Existe um instante onde uma anciã começa a cantar e eu acho que é quando Antônio das Mortes começa a lutar pela primeira vez com outro cangaceiro, com um lenço entre eles. Um deles morde uma ponta do lenço e o outro morde a outra ponta, é tudo se passa num plano-seqüência. Aliás, eu o projetei o recentemente, umas duas vezes: uma para o elenco de 'Gangues de Nova York' e outra para o filme de gângsters que estou finalizando agora, chamado 'The Departed'.

Se você assistir àquela tomada, perceberá como todos os elementos se completam. Eu acredito que seja uma tomada de 10 minutos. Há um movimento dos dois personagens e, de repente, parece que começou a chover ou algo do gênero.

Você começa então a ouvir uma mulher cantando e eles começam a lutar. Tudo é muito real, e quando um dos personagens é atingido pela faca, e a tensão aumenta entre os dois homens esticando o lenço, a câmera se move, criando uma atmosfera comovente.

Declínio Americano

É o tipo da coisa, tudo vai conspirando a favor do realizador e todos os elementos se integrando, como se Glauber tivesse planejado cada cena. Tenho certeza que ele planejou e que aquele grupo de pessoas estava ali engajado para fazer algo especial. Este é um dos pontos altos do meu novo filme, 'The Depart'. Estou fazendo-o fluir, estou experimentando, me deixando iluminar por este filme de Glauber (o 'Dragão'), que continua uma referência para mim.

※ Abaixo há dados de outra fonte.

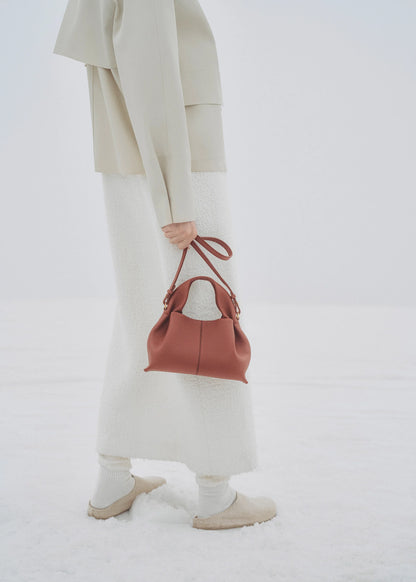 Elegant Minimalist Winter Look Featuring Soft Ivory Textured Coat with Structured Deep Burgundy Leather Crossbody Top Handle Handbag – Timeless Quiet Luxury Womenswear Editorial Style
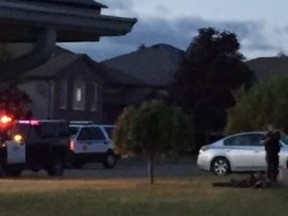 Armed police surround a house in a subdivision just east of Walmart in Quinte West Sunday night.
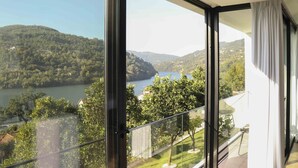 A modern room with large windows offering a scenic view of a lake and hills. - Portovella (Baiao)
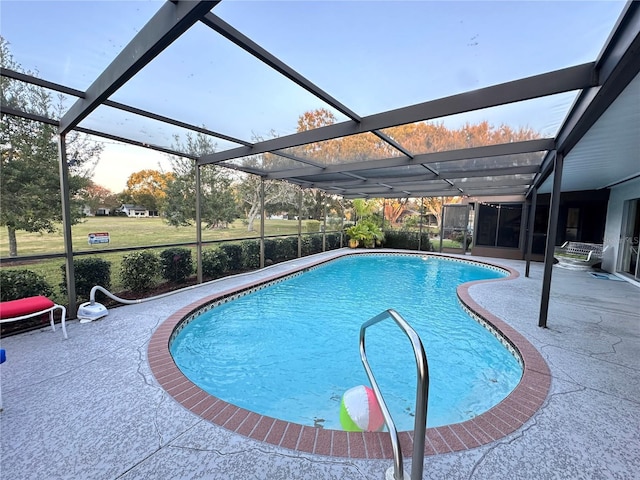 view of swimming pool with glass enclosure and a patio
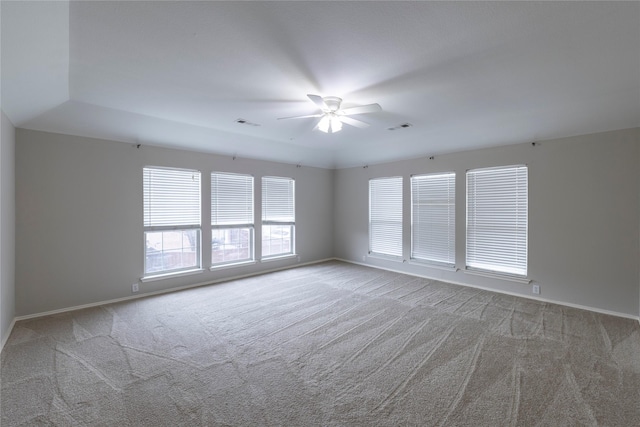 carpeted empty room with visible vents, ceiling fan, and baseboards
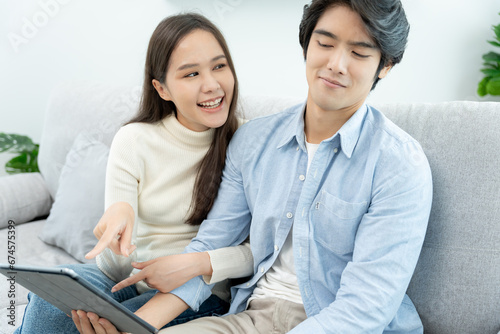 Asian couple smiling and happily use smartphone to online shopping. Husband ready to pay birthday present for beautiful wife. Find accommodation online for honeymoon, App online, book flight tickets. © Shisu_ka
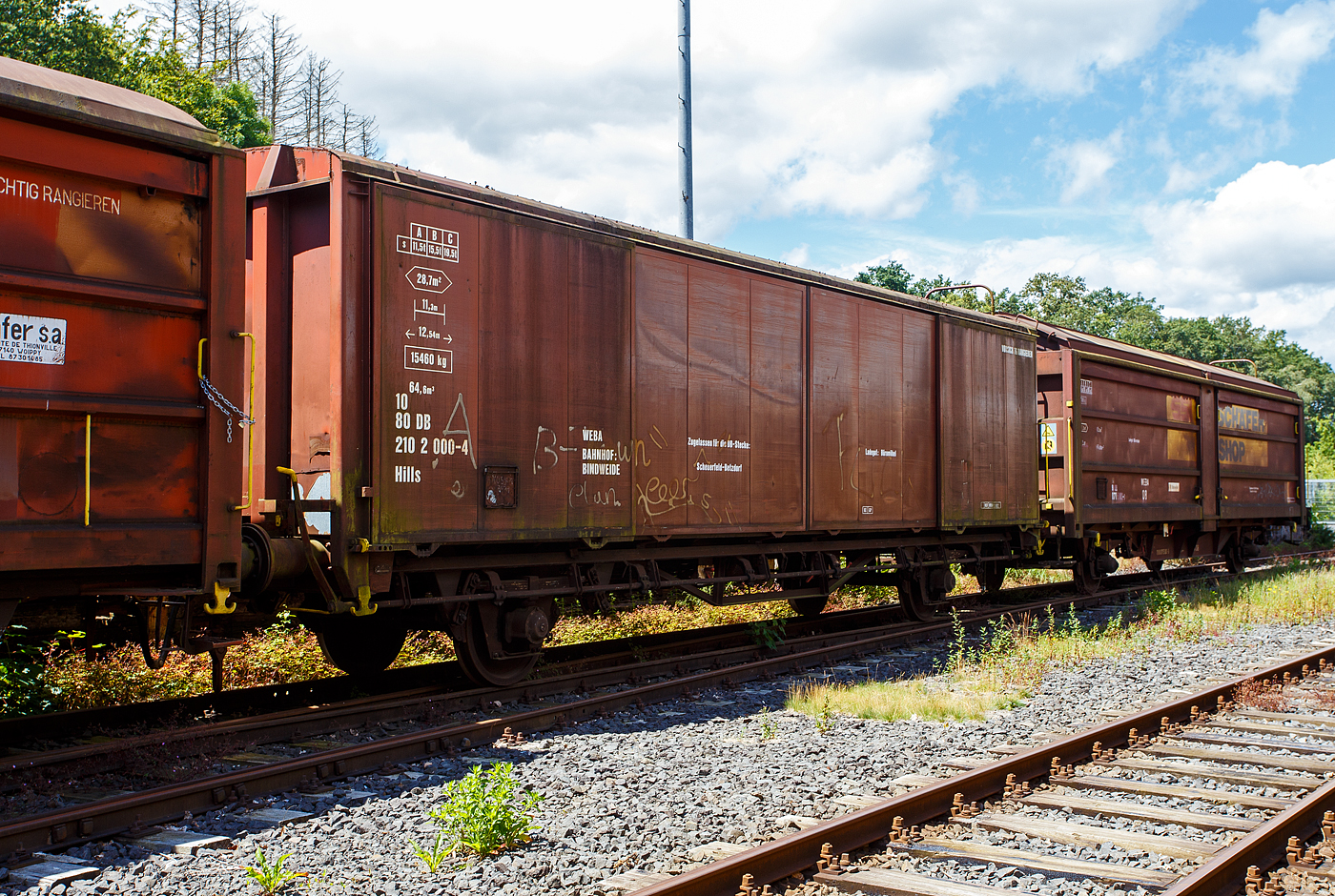 Privater gedeckter Güterwagen mit Schiebewänden der Gattung Hills, 10 80 2102 000-4, WEBA 02 (10 80 DB 210 2 000-4), der Westerwaldbahn (WEBA) abgestellt am 07 Juli 2024 auf dem Betriebshof der WEBA) auf der Bindweide bei Steinebach/Sieg abgestellt.

Der Wagen wurde 1989 von Rolanfer Matériel Ferroviaire SAS in Metz-Woippy (Frankreich) unter der Fabriknummer 534015 für die belgische SNCB gebaut, wann er auf den Westerwald kam ist mir unbekannt.

Beschreibung:
Der Wagen hat auf jeder Längsseite vier Schiebewände, so ist es möglich jeweils eine halbe Längsseide zu öffnen. Eingesetzt wurden diese Waggons für den Transport von großen nässeempfindlichen Stückgütern (bei dem Wagen waren es Büromöbel).

TECHNISCHE DATEN:
Spurweite: 1.435 mm
Länge über Puffer :12.540 mm
Achsabstand: 8.000 mm
Eigengewicht: 15.460 kg
Ladelänge:11.300 mm
Ladefläche: 28,7 m²
Rauminhalt: 64,6 m³
Höchstgeschwindigkeit: 100 km/h
Maximales Ladegewicht: 18,5 t (Streckenklasse C oder höher)
Bremse: KE-GP

Bei der WEBA war der Wagen nur auf der DB Strecke Scheuerfeld (Sieg) – Betzdorf (Sieg) zugelassen. Die WEBA hat 2017 den Güterverkehr eingestellt. Zudem ist für den Kunden der Bahntransport von Büromöbel (von Weitefeld nach Betzdorf) nicht mehr nötig.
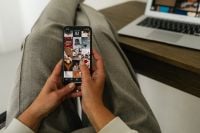 Kaboompics - Holding Smartphone With Social Media Feed Home Office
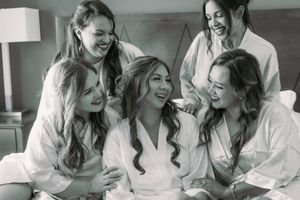 A group of people in white robes share joyful laughter while getting ready for a special occasion together.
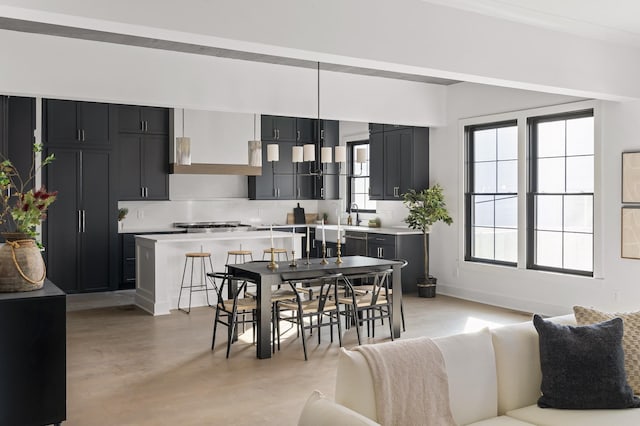 kitchen with light wood finished floors, light countertops, backsplash, wall chimney range hood, and dark cabinetry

Glauber lidou com as mesmas questões vindas da sociedade européia do pós-guerra, de uma forma direta, recorrendo a componentes da paródia. Um homem de estilo extraordinário, cujos filmes afetaram sensivelmente outros filmes, politicamente. Ele é eterno. É uma das razões pelas quais é necessária a restauração de sua obra, para permitir que as novas gerações conheçam esse filme, não somente no Brasil, mas em todo o mundo. O 'Dragão' continua novo, com todo o frescor. Ele não leva a grandes bilheterias, mas te dá um soco na cara, você vê e se ergue, abre seus olhos e é disso que precisamos hoje em dia, mais do que nunca.

Entre os motivos que me levaram a mostrar o 'Dragão' aos atores e diretores de fotografia ao longo dos anos está o de se libertar de um tipo de prisão imposto pelo 'star system'.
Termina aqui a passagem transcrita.